Angela Merkel visited the UK yesterday for the last time as German chancellor – the 22nd visit she has paid in her 16 years at the helm of German politics. Such an auspicious occasion however did not stop Boris Johnson from starting their joint press statement with a humorous jibe. A wry smile on his face, he told Merkel: ‘it was certainly a tradition, Angela, for England to lose to Germany in international football tournaments and I’m obviously grateful to you for breaking with that tradition, just for once.’
Good-natured, football-themed exchanges between the two nations were also in play elsewhere. The German ambassador in London, Andreas Michaelis, tweeted on Tuesday night that he congratulated the England team for their ‘much deserved victory’ but added that the German team will rebuild so that ‘this great competition’ between the two nations can continue. The German foreign minister Heiko Maas meanwhile turned up in person at the British Embassy in Berlin to deliver the crate of beer which had been at stake in a bet between him and Dominic Raab.

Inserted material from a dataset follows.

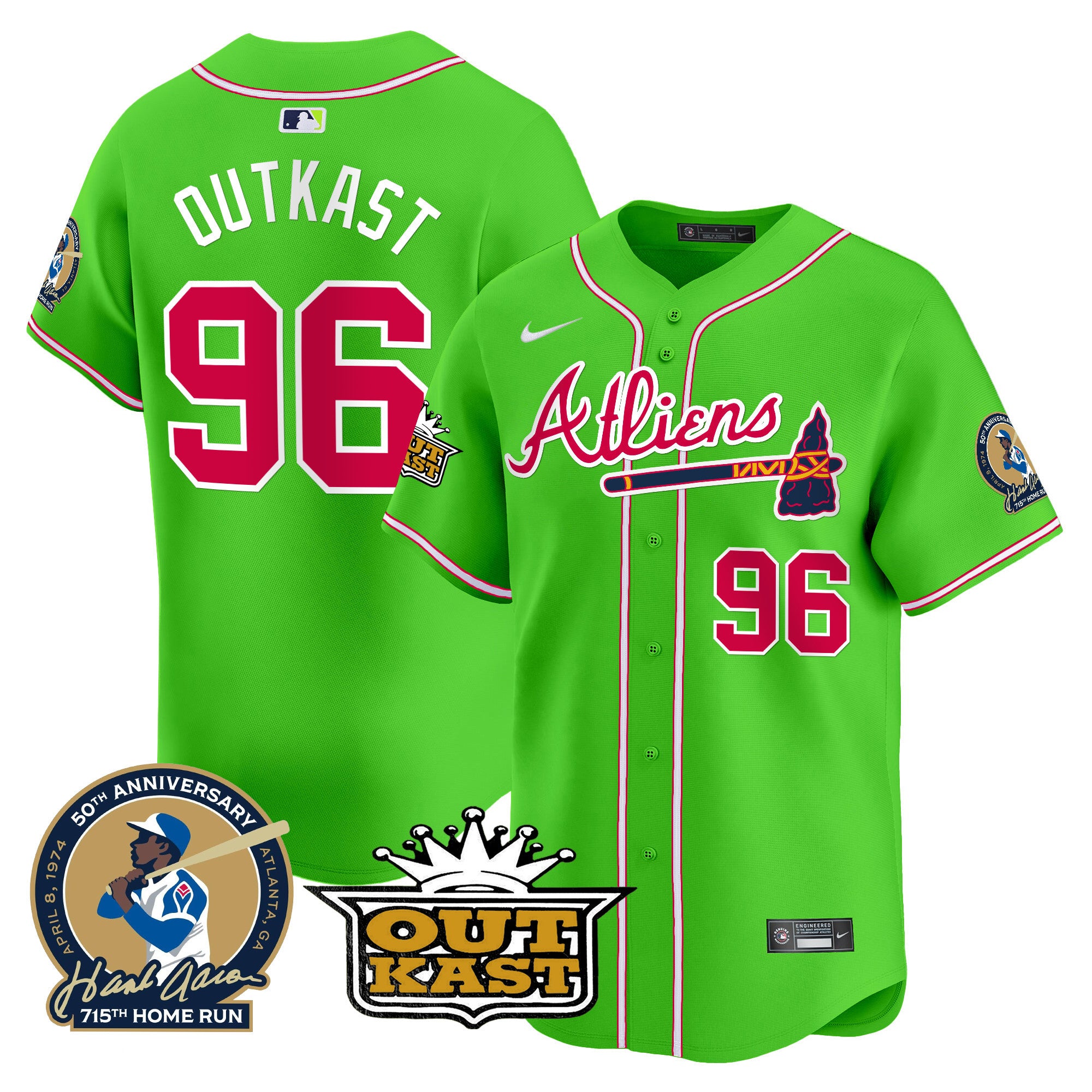 Men's Atlanta Braves Atliens & Hank Aaron Patch Vapor Premier Limited Jersey - All Stitched - Bright Green, Outkast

It would be easy to brush such actions aside as empty symbolism but the (mostly) friendly rivalry on the football field stands in for a much deeper connection between the UK and Germany. It is a bilateral relationship with deep historical and cultural roots which have been overshadowed, perhaps even strained, by the two countries’ fundamentally different stances towards the EU.
When Merkel first visited the UK as head of the German government, her opposite number was Tony Blair. While the latter had some reservations towards the EU, on the whole he believed in its principles and was signed up to the project. The two met as leaders of major EU countries to negotiate relations within a framework they would both shape and abide by. Fast forward 16 years and Merkel is meeting Boris Johnson, a key Brexiteer of the earliest hour who is now meeting with her as the leader of a sovereign nation trying to negotiate bilateral relations outside of the European Union. Johnson was right to begin his statement this afternoon with the assertion that ‘things have changed beyond recognition’ since the start of Merkel’s tenure.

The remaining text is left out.